Energy Budget: Accelerate successfully urged our Congressional delegation and other key members of Congress to reject the proposed drastic cuts in the 2018 NREL ($636.1 million) and NCAR ($89.1 million) budgets and the funding was ultimately maintained by the Appropriations Committee.  In addition to their basic and applied science research, these two important national labs provide significant jobs in Colorado and dramatic cuts to these agencies could prove economically detrimental to the State, and would have a negative impact on renewable energy dollars available. 
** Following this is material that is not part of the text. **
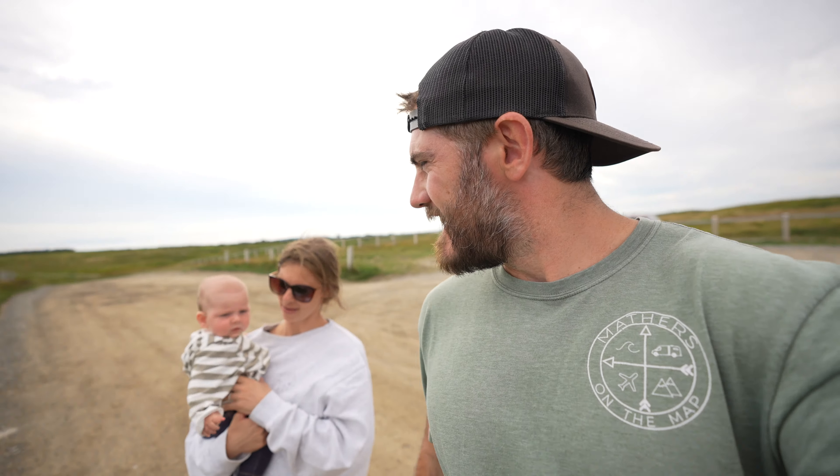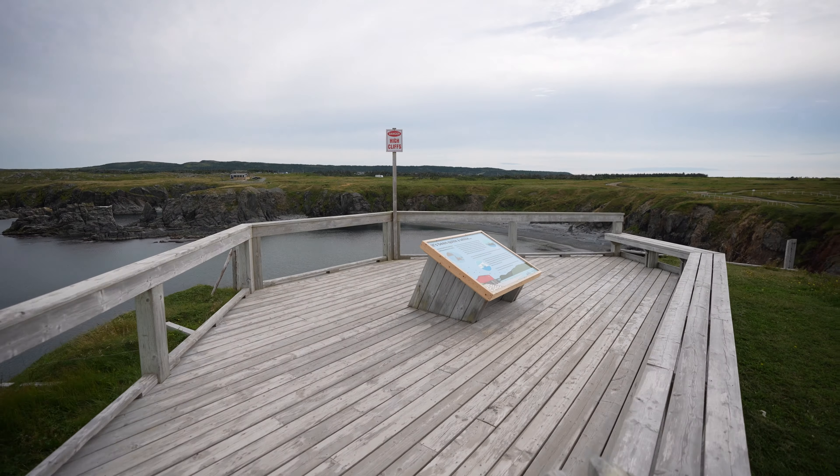Boy, is it getting windy — the storm is getting close. The little man was a bit cranky earlier; he just wanted some food. He got some milk and now he's chilling. This spot is officially part of the parks of Newfoundland, and you can tell because it's built up with railings and wooded platforms, unlike the other spot we were at, which was just go at your own risk and make sure you don't fall off a cliff.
Fracking: Oil and natural gas production has also transformed Colorado’s economy. Producing over 1.1 million barrels of oil per day, the oil and gas industry in Colorado today supports over 213,000 jobs and contributes more than $25 billion to the state's economy, representing 9.1% of the state's GDP. Just as important, Colorado has been able to produce these valuable resources without jeopardizing our environment or putting other important areas of our economy at risk. Accelerate opposed new hydraulic fracturing regulations (fracking) that the Environmental Protection Agency (EPA) had been considering, and instead urged Congress and the Administration to allow states to regulate hydraulic fracturing locally, as geographic, environmental and demographic diversity in the U.S. makes regulations at the federal level inefficient and unrealistic.  New fracking regulations have now been halted and the EPA work in this area is no longer a priority.   
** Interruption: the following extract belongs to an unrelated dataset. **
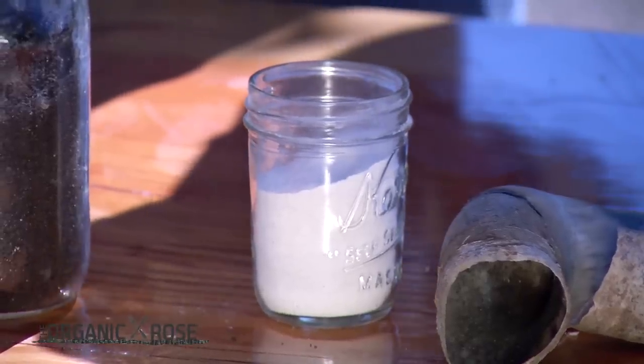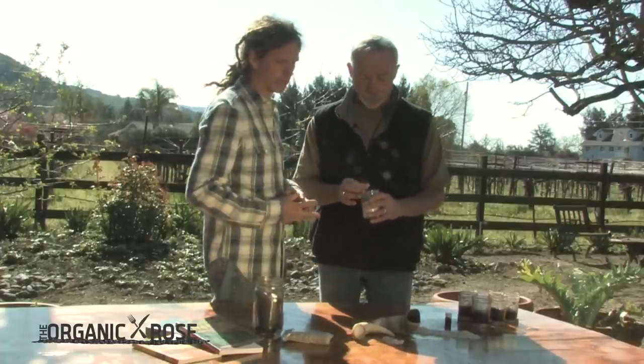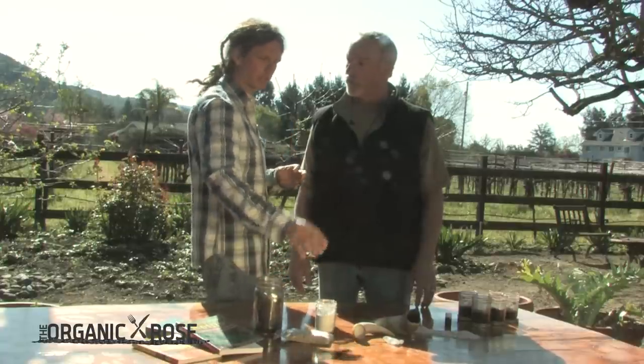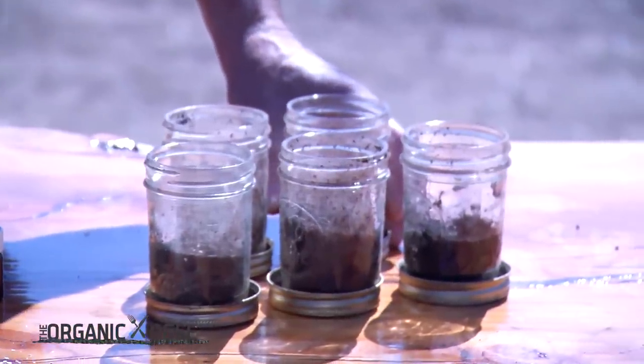Then we have the silica, or the 501 preparation, where we take quartz crystals and grind them into a powder — which takes a lot of work because it's a pretty hard rock. Again, it goes into a cow horn and is buried on the opposite side of the year, a different season. Within biodynamics we look at a polarity: the calcium or earth-force pole represented by the 500, and the levitational silica pole — a drawing-up force — represented by the 501. In between there is a mediator seen to be clay, and compost often brings that clay component to serve as that mediator.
Renewable Energy Tax Credits: The Production Tax Credit (PTC) for wind energy and the Investment Tax Credit (ITC) for solar energy are scheduled to phase-out in the next 2-3 years.  Colorado is the seventh largest solar market and the tenth largest wind market in the U.S., so Colorado energy companies, and their customers, benefit from the Production Tax Credit (PTC) for wind energy and the Investment Tax Credit (ITC) for solar energy.  However, those tax credits were scheduled to phase-out in the next 2-3 years.  Working with our Congressional delegation, Accelerate was able to convey the importance of these tax credits.  In response, Congress preserved the Production Tax Credits and Investment Tax credits in the sweeping tax bill passed on December 22, 2017.  This bill ensured that the wind and solar industries, which are growing in Colorado, will continue to benefit from these two tax provisions.    
Healthcare and Bioscience
Medical Device Excise Tax: Colorado has a large and growing medical device industry.   The Affordable Care Act (ACA, also known as ObamaCare) contained a medical device excise tax that was very problematic for the industry.  After working with our Congressional delegation for months, advocating for a full repeal of the tax, Congress approved a further two-year extension of the current suspension of the medical device excise tax in the comprehensive tax reform bill.  While Accelerate sought a full repeal of the excise tax, the two-year extension allows Colorado manufacturers to continue to seek investment dollars for the many small and start-up companies in the state.